▶ _ABOUT THIS EXERCISE_
Nothing but the lines from the one containing "NPDSK0067 Skeeter® FX, ZX, ZXR, FXR" through the one containing "Tombo de Zamenhof", both included, should be given again, each exactly as written below.

▶ _AVAILABLE DATA_
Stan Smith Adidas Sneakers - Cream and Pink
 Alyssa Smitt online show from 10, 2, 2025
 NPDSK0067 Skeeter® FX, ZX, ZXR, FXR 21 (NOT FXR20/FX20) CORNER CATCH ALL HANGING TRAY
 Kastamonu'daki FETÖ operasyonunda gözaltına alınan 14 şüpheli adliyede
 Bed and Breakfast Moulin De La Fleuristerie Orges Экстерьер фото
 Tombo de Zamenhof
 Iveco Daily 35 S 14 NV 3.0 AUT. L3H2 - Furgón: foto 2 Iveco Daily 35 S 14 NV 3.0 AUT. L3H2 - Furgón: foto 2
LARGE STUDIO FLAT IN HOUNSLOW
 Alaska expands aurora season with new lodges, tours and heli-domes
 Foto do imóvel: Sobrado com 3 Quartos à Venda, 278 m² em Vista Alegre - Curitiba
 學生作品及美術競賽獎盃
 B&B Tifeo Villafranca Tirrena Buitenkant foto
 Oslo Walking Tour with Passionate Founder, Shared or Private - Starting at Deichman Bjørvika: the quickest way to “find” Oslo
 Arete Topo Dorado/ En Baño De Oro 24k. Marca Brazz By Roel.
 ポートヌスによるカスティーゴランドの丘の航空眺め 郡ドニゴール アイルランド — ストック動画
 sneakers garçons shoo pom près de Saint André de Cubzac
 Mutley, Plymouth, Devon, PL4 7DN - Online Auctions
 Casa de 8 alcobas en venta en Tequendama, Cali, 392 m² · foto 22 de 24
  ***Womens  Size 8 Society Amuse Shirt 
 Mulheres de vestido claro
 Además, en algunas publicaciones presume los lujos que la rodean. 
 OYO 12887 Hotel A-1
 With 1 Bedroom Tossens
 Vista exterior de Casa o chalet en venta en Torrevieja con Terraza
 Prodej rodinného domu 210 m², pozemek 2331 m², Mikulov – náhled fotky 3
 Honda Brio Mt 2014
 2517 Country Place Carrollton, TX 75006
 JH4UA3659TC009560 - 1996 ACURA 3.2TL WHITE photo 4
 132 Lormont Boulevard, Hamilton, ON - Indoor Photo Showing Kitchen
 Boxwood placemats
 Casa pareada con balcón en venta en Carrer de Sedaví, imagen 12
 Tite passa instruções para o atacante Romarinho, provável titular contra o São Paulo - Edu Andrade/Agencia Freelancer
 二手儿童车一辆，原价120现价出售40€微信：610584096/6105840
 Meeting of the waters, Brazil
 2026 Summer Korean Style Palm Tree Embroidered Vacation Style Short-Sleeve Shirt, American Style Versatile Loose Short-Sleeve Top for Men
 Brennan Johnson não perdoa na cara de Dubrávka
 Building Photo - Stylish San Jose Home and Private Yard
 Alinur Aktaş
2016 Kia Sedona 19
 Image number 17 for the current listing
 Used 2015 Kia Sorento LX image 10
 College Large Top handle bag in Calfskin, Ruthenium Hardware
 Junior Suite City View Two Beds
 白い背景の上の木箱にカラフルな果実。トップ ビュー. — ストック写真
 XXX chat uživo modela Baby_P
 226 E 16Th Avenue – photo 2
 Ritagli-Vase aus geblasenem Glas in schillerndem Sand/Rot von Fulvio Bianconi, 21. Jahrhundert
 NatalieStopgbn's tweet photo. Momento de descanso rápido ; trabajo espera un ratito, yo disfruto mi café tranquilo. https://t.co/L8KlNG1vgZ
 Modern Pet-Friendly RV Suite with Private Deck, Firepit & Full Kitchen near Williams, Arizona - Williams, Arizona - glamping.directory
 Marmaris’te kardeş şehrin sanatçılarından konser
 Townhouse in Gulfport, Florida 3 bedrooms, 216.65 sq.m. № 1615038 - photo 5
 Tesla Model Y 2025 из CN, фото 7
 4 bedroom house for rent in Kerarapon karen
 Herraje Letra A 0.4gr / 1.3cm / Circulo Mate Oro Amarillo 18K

▶ _WRITTEN SOLUTION_
 NPDSK0067 Skeeter® FX, ZX, ZXR, FXR 21 (NOT FXR20/FX20) CORNER CATCH ALL HANGING TRAY
 Kastamonu'daki FETÖ operasyonunda gözaltına alınan 14 şüpheli adliyede
 Bed and Breakfast Moulin De La Fleuristerie Orges Экстерьер фото
 Tombo de Zamenhof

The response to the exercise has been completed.